NASA’s Mars Probe Snaps Astonishing Image of Earth and Moon
If you even wondered what it would be like to look up at the sky and see the pale blue dot from the surface of the red planet, then look at the image above. The image was taken by a NASA Mars probe that gave a Mar-eye vision of the earth and the moon. Obviously, the image above has been enlarged a lot, you can see the pixilation. The image brightness was also adjusted, since the image was taken from 127 million miles or 205 million kilometers away.
The Mars Reconnaissance Orbiter or the MRO used it’s High Resolution Imaging Science Experiment or HiRISE camera to capture the picture of out planet and its moon. The time on Earth was 20th November, 2016. The amazing photograph is actually a composite photograph. The camera itself has a pretty impressive optics, enough to resolve features as small as 3.3 feet or 1 meter across on the Martian surface.
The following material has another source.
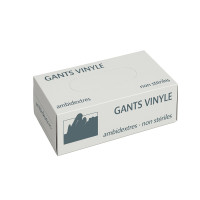 Gant vinyle micro-poudré taille L 4,7 gr - Conforme à la règlementation REACH 240x105mm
“The combined view retains the correct positions and sizes of the two bodies relative to each other,” NASA officials wrote in a description of the image, which was released on 6th January.
Australia, Asia, Pacific Ocean Visible
“The distance between Earth and the moon is about 30 times the diameter of Earth,” they added. “Earth and the moon appear closer than they actually are in this image because the observation was planned for a time at which the moon was almost directly behind Earth, from Mars’ point of view, to see the Earth-facing side of the moon.”
The newly released image is sharp enough to reveal continent-size details on Earth; indeed, the reddish-brown feature in the middle of the planet is Australia, NASA officials said.
If you look closely, you can also see eastern parts of Asia as brown patches on the top left of Australia in the image. You can also make out the oceans in the image. The image itself is impressive enough as it could distinguish continents from so far away.
The MRO is a 720 million USD mission, the probe occupies a circular orbit that varies from 155 to 196 miles or 250 to 316 kilometers from the Martian surface.